Neighborhood in Chevy Chase and Silver Spring, Maryland, US

Rock Creek Forest is a mostly residential neighborhood in Silver Spring / Chevy Chase, Maryland. It is bordered by Chevy Chase to the west, Silver Spring to the east, the border with Washington, D.C., to the south. Maryland Route 410 (East West Highway) runs through the neighborhood. The historically African-American neighborhood of Lyttonsville is to the north, while Rock Creek Park and the neighborhoods of North Portal Estates / Colonial Village / Shepherd Park are to the south.

==History==
First developed in the 1940s by Sam Eig, a Jewish real estate developer, the neighborhood attracted Jews from Washington, D.C., because Eig did not use the antisemitic covenants that were common in many Washington, D.C., neighborhoods.
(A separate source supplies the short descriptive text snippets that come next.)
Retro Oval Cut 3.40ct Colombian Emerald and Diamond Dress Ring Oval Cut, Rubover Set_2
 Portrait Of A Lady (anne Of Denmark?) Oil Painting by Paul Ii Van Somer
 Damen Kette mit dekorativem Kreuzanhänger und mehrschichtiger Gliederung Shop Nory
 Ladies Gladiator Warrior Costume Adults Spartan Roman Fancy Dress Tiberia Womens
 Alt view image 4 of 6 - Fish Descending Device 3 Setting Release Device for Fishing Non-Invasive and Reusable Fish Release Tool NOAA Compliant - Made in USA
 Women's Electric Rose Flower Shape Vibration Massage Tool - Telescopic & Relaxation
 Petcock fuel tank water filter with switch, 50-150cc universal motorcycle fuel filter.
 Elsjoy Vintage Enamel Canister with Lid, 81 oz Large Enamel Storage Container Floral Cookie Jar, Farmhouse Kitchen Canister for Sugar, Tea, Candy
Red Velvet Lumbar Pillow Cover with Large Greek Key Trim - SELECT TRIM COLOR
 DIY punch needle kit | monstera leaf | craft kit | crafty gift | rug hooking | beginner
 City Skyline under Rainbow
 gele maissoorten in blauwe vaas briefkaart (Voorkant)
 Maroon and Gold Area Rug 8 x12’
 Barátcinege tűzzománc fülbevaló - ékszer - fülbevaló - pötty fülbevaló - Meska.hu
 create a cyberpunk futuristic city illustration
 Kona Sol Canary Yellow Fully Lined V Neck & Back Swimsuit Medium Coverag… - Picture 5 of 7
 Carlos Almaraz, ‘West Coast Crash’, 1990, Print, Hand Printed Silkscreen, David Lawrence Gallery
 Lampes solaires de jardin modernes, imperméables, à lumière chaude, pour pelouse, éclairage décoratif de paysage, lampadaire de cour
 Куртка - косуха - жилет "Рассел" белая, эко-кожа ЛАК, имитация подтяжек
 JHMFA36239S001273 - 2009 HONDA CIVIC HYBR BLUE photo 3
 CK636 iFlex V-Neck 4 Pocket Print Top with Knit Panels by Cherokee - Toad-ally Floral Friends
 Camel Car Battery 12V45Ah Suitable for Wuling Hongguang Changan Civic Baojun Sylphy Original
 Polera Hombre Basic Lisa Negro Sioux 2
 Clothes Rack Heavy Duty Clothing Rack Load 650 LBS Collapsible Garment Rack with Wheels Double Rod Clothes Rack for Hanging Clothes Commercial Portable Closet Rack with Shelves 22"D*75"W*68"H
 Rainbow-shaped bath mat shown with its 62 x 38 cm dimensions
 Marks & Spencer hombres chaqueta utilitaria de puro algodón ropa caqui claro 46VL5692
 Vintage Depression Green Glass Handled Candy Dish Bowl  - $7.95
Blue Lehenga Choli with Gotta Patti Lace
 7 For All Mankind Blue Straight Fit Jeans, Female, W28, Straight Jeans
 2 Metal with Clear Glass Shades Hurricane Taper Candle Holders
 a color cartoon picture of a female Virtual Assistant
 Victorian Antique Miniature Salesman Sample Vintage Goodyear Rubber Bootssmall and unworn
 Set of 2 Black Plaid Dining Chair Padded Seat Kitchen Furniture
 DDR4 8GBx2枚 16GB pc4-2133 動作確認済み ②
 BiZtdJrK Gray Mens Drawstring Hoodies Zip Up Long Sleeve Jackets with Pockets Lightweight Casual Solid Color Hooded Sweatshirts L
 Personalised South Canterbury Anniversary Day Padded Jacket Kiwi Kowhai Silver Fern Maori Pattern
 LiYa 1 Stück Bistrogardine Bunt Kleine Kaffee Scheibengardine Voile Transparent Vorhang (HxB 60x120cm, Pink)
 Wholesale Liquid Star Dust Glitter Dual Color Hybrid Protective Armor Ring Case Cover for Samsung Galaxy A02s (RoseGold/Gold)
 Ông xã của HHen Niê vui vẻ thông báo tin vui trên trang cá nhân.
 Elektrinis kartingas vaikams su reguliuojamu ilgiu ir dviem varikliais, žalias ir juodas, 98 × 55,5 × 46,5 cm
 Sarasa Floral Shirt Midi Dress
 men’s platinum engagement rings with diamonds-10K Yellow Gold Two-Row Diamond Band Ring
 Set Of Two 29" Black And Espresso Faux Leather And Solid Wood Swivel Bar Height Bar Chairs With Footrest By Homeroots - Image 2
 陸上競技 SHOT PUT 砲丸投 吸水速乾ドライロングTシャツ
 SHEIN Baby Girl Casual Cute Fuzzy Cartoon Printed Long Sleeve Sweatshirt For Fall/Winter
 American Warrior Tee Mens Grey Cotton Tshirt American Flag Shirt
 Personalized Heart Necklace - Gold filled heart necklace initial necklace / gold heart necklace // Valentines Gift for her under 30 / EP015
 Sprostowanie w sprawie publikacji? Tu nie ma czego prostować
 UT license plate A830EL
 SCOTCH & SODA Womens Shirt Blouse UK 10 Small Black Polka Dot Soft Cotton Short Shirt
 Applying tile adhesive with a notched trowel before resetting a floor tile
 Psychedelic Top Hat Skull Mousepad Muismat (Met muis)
Because of antisemitism in Washington, D.C., Eig was barred from developing homes in some of DC's most desirable neighborhoods.

But Eig did use anti-Black racial covenants until the passage of the 1968 Fair Housing Act, advertising his whites-only Rock Creek Forest development as "ideally located and sensibly restricted." A typical racially restrictive deed in Rock Creek Forest from 1941 says, "No person of any race other than the Caucasian race shall use or occupy any building or any lot, except that this covenant shall not prevent occupancy by domestic servants of a different race domiciled with an owner or tenant."

==Attractions==
The Rock Creek Shopping Center on Grubb Road is the shopping center for the community. As of 2022, the shopping center includes the Parkway Deli (a Jewish-American delicatessen), the Daily Dish cafe, a Chinese restaurant, a nail salon, a veterinarian, a paint store, and the Corner Market. Rock Creek Forest is home to the Temple Shalom Reform Jewish synagogue, Ohr Kodesh Congregation, St. Paul United Methodist Church, and Christ the King Catholic Church.

==Transportation==
Rock Creek Forest is served by Metrobus route M70 and Ride On routes 1 and 11. Washington Metro service is available on the Red Line in nearby Silver Spring, Forest Glen, and Wheaton. By 2027 or earlier, Purple Line service will be available at the nearby Lyttonsville and 16th Street–Woodside stations.